> [Task objective] Below are the records; print exactly the lines from the one with "Mulher feliz dançando" through the last, both included, and leave the pictures out.
Segment Start: Records provided
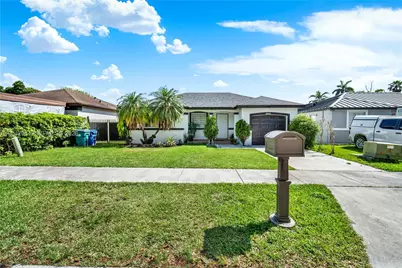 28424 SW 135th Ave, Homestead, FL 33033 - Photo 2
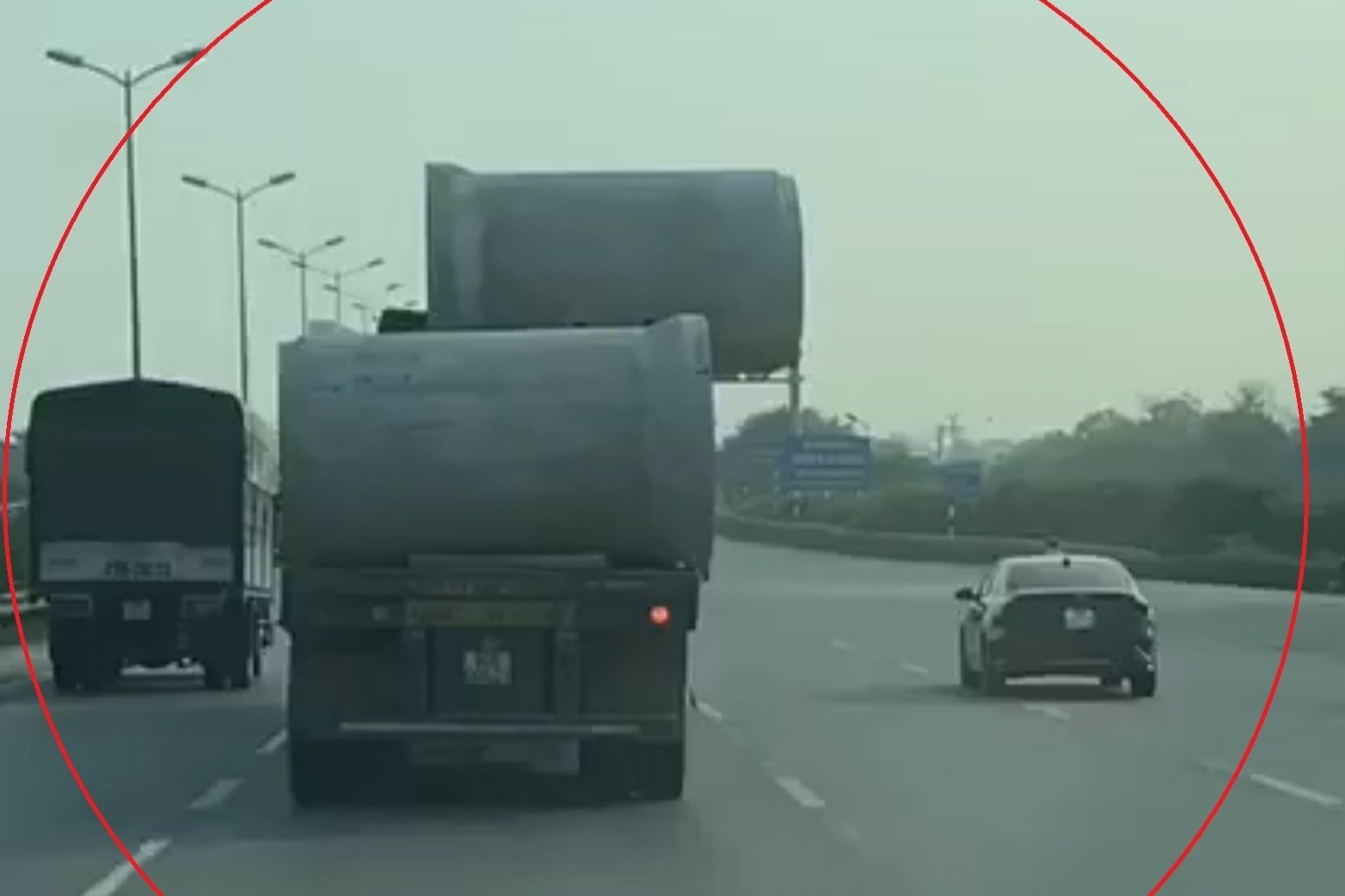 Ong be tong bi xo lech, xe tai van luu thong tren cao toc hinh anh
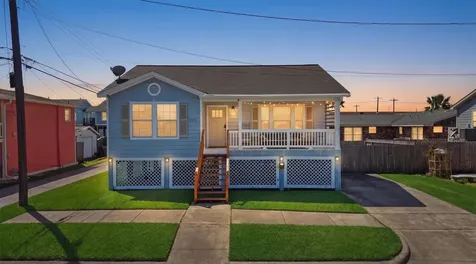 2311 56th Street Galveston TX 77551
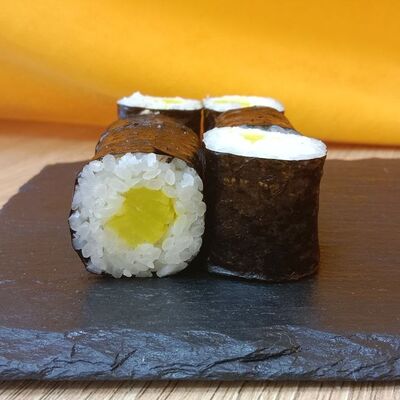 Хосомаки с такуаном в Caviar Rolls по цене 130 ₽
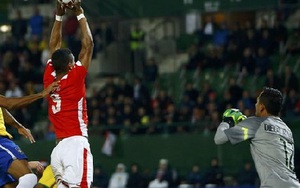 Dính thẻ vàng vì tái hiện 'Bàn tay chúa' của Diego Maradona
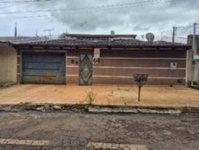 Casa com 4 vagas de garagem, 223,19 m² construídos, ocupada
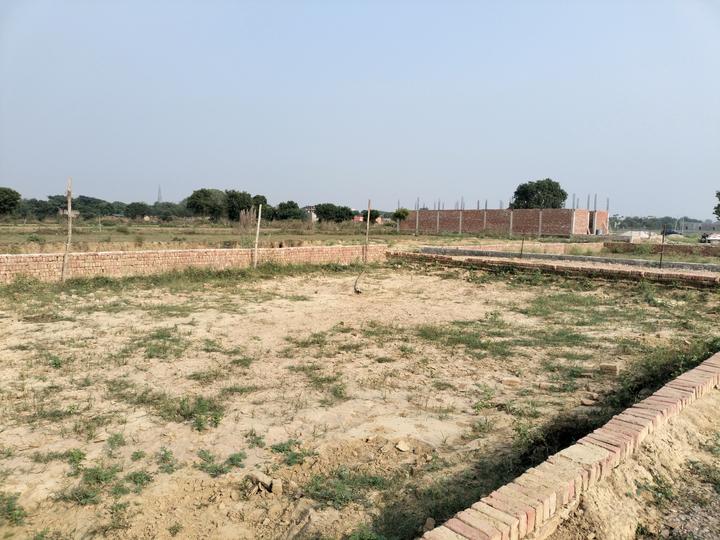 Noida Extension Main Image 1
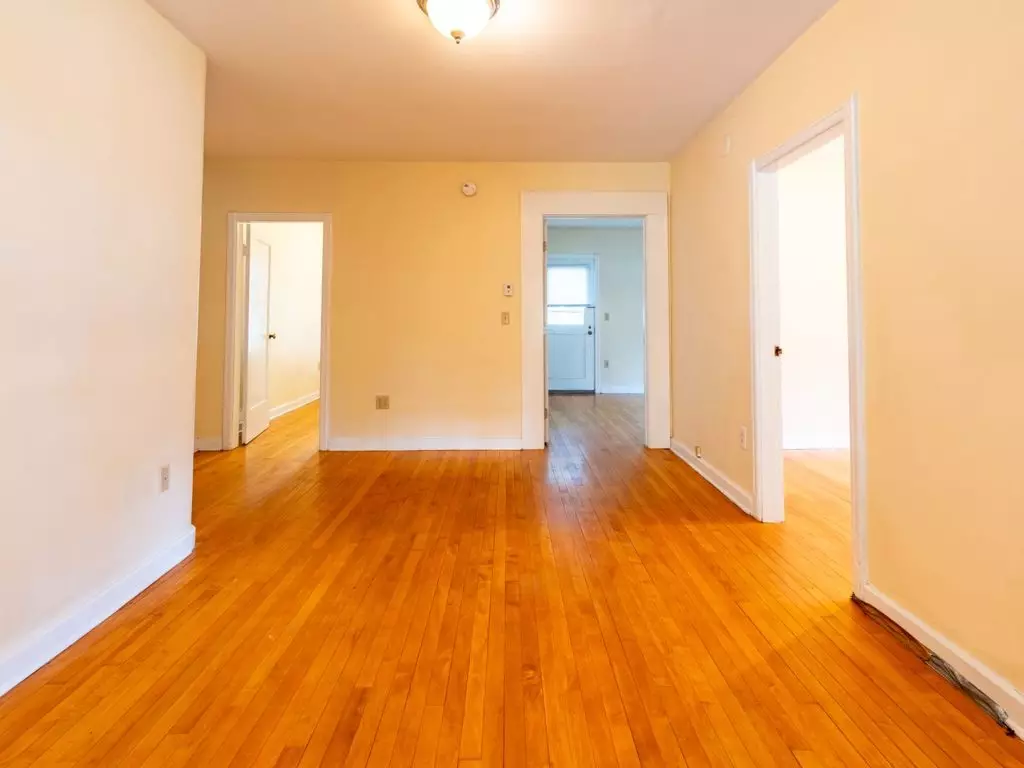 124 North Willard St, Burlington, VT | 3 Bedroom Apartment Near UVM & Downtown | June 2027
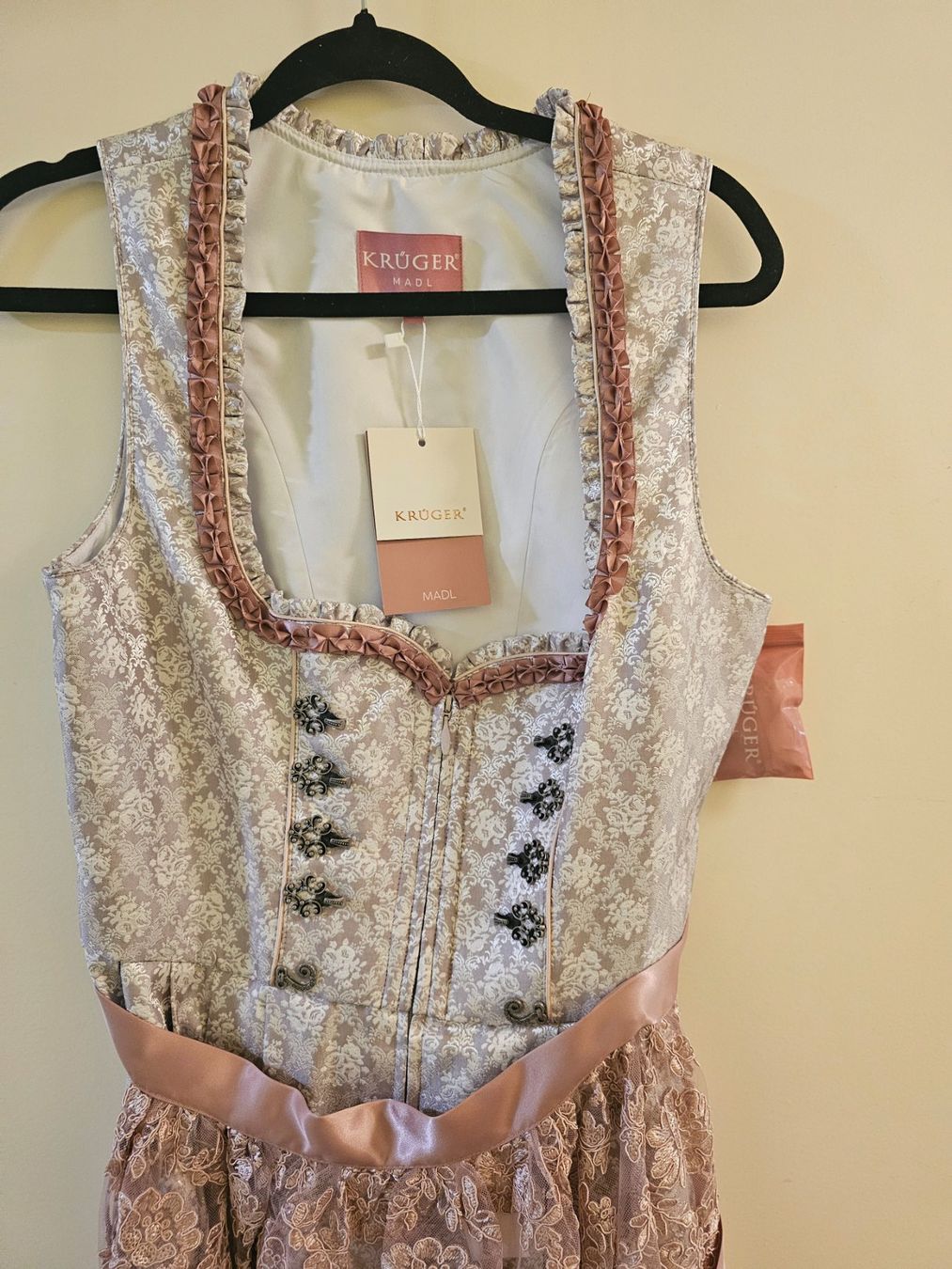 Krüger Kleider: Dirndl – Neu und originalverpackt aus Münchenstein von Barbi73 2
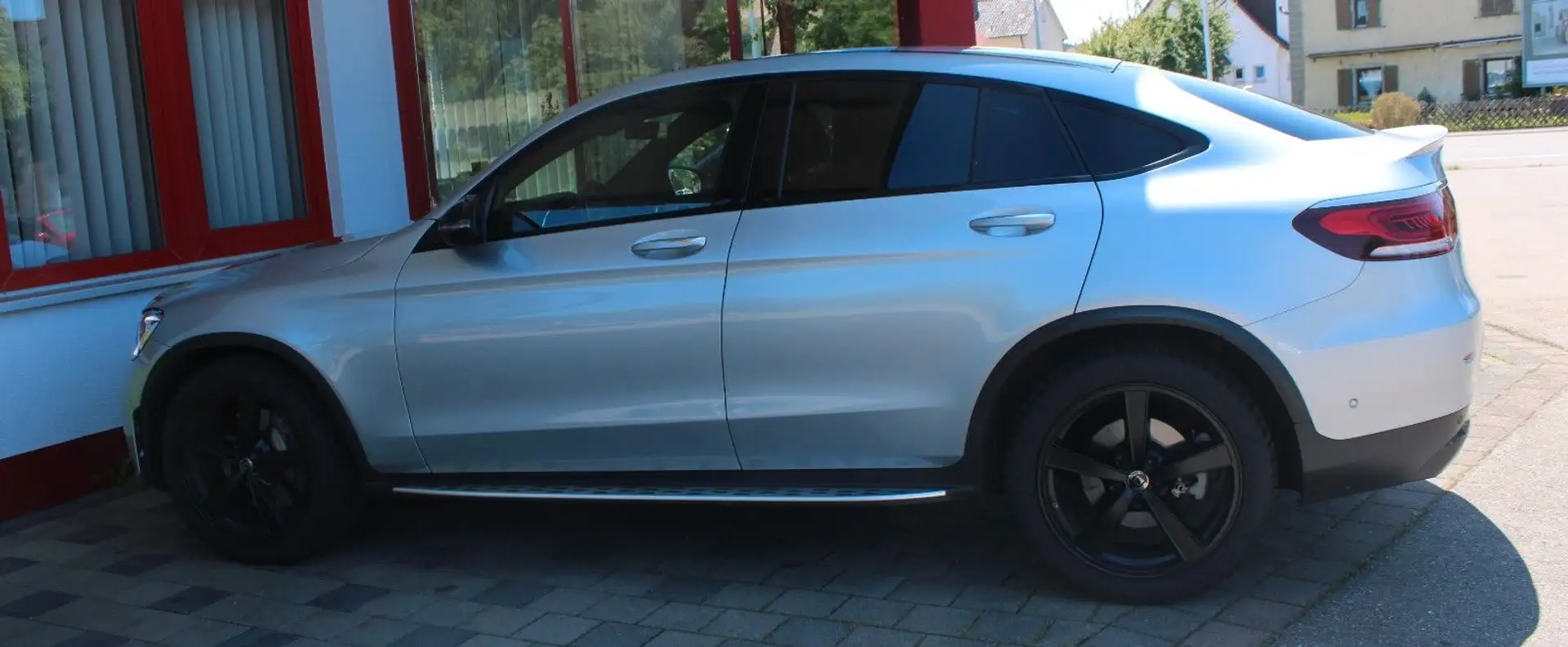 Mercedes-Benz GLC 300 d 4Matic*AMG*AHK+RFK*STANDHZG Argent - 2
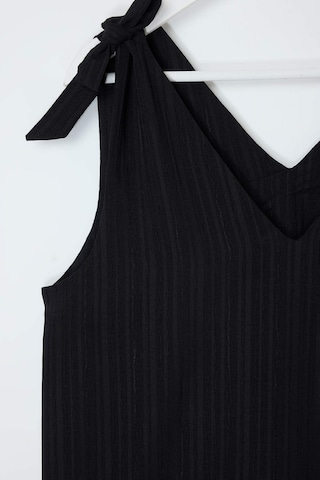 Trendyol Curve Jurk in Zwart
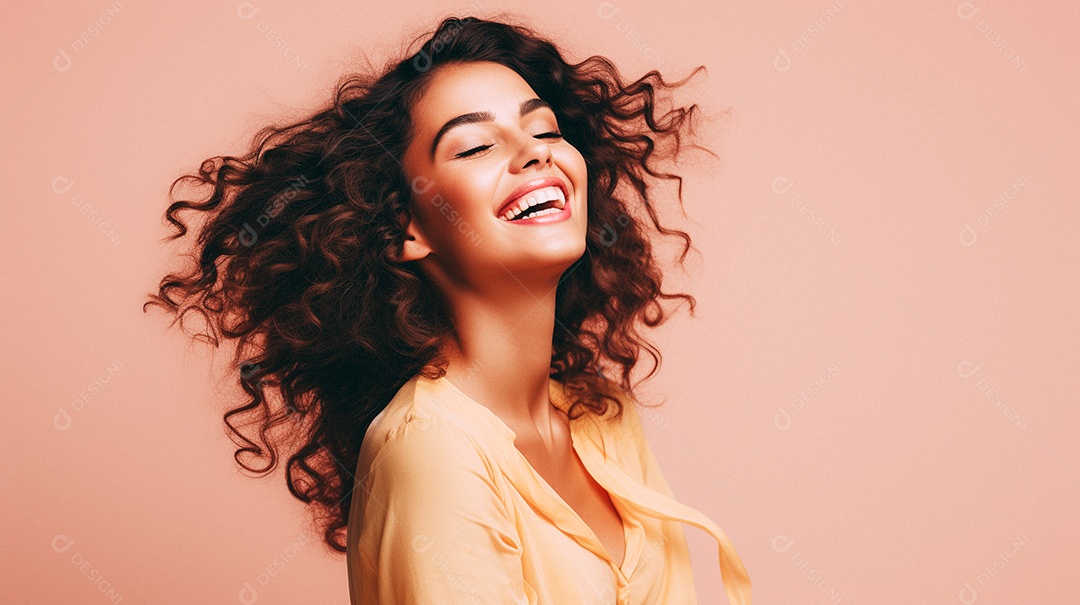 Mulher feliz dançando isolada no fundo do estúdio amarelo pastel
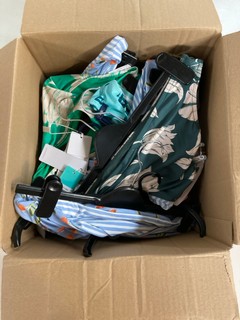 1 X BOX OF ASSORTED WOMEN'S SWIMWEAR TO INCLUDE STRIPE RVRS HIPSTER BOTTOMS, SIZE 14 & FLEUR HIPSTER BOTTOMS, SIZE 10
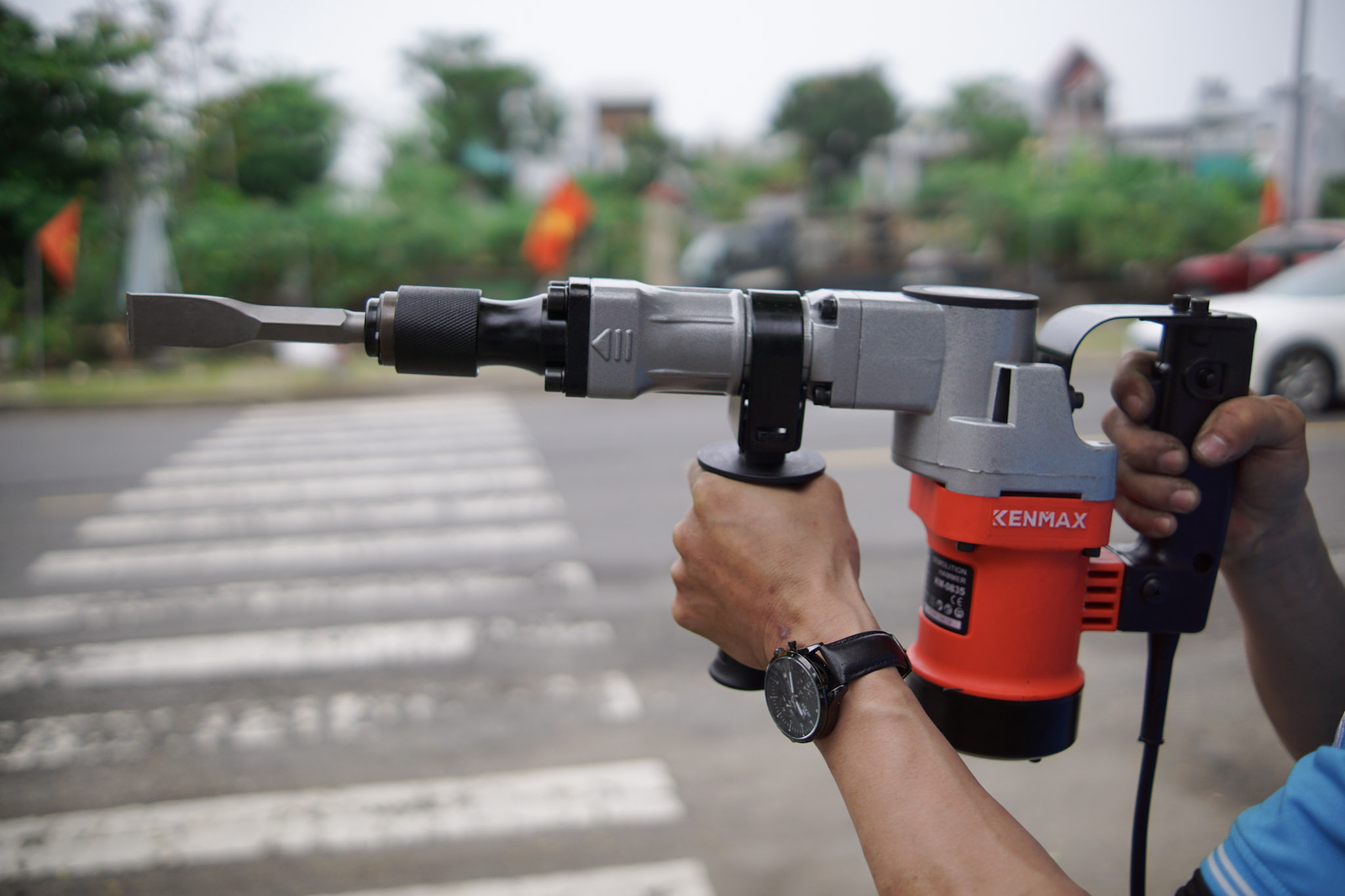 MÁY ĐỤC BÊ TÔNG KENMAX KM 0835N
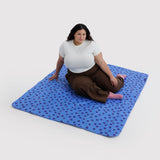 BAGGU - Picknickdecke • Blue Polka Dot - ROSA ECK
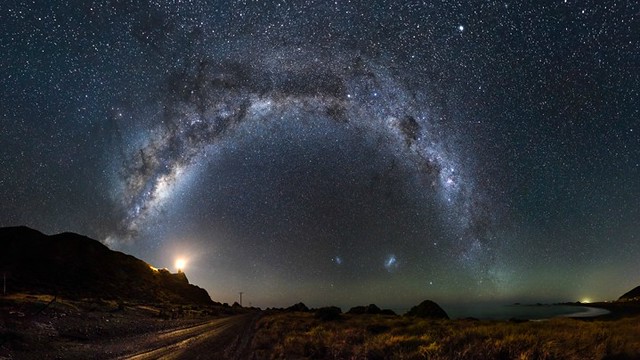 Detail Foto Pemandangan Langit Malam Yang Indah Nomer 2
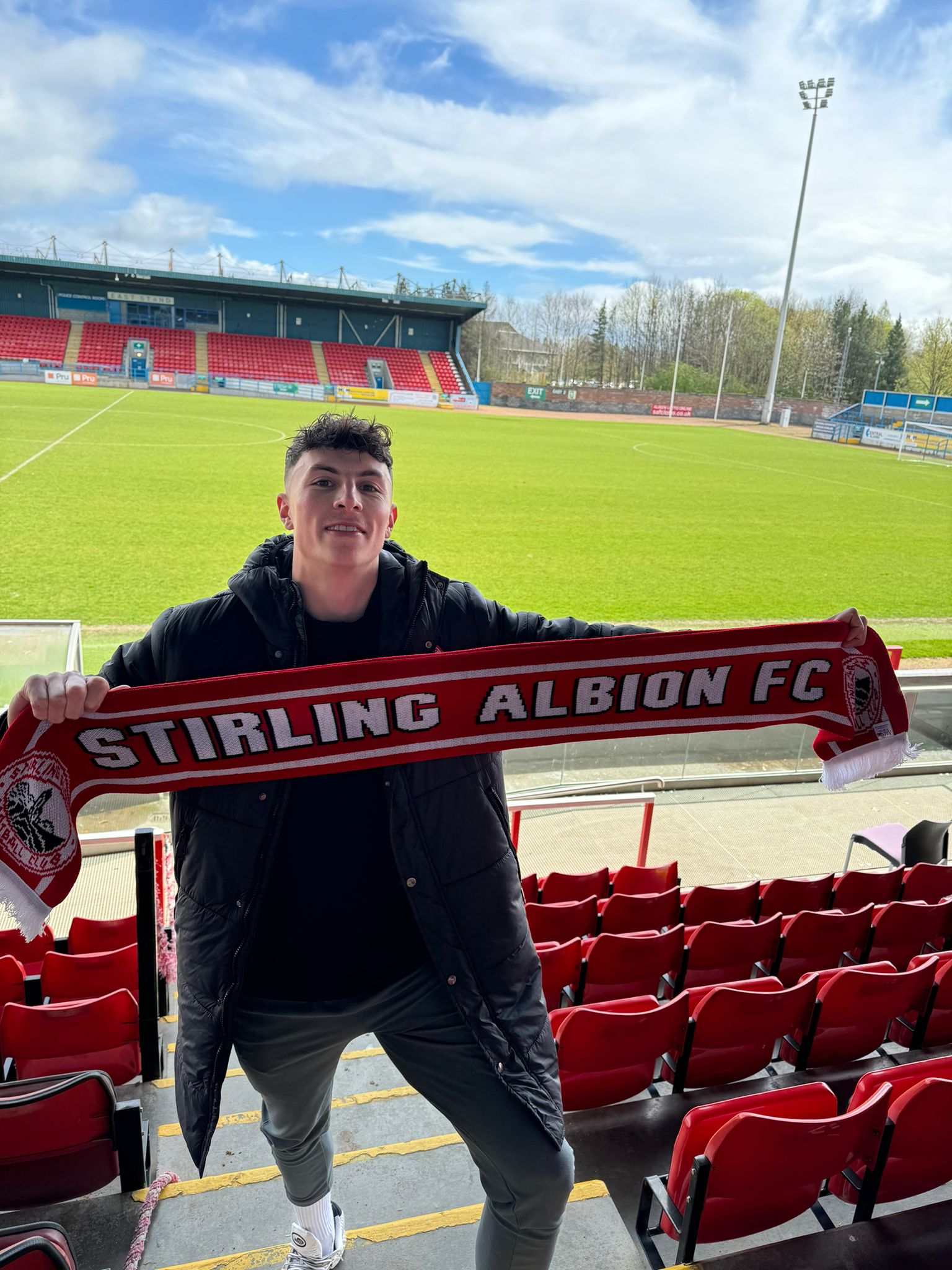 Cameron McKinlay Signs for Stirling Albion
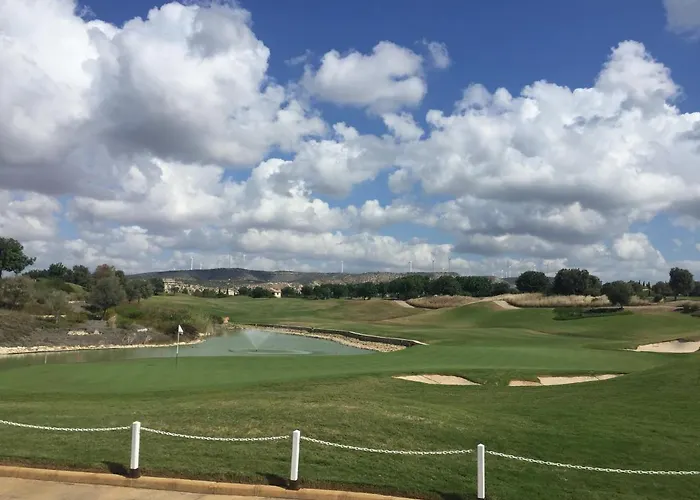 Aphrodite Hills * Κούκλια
Segment End: Records provided
> [Response to the task]
 Mulher feliz dançando isolada no fundo do estúdio amarelo pastel
 1 X BOX OF ASSORTED WOMEN'S SWIMWEAR TO INCLUDE STRIPE RVRS HIPSTER BOTTOMS, SIZE 14 & FLEUR HIPSTER BOTTOMS, SIZE 10
 MÁY ĐỤC BÊ TÔNG KENMAX KM 0835N
 BAGGU - Picknickdecke • Blue Polka Dot - ROSA ECK
 Detail Foto Pemandangan Langit Malam Yang Indah Nomer 2
 Cameron McKinlay Signs for Stirling Albion
 Aphrodite Hills * Κούκλια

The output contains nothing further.